** RECORDS PROVIDED **
•••••

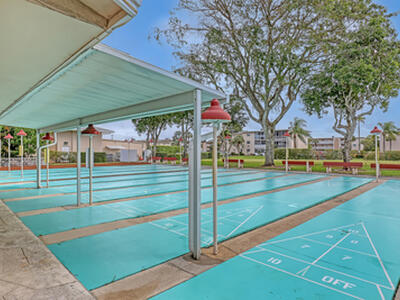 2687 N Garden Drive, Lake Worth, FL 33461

•••••

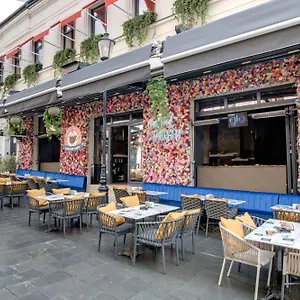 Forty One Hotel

•••••

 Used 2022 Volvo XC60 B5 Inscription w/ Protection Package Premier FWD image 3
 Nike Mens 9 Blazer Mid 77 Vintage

•••••

** EXERCISE DIRECTIONS **
With the line holding "Used 2022 Volvo" as the first and the line holding "Nike Mens 9 Blazer Mid 77 Vintage" as the last, please transcribe exactly the lines of the material above in that range and nothing else.

** TASK RESULT **
 Used 2022 Volvo XC60 B5 Inscription w/ Protection Package Premier FWD image 3
 Nike Mens 9 Blazer Mid 77 Vintage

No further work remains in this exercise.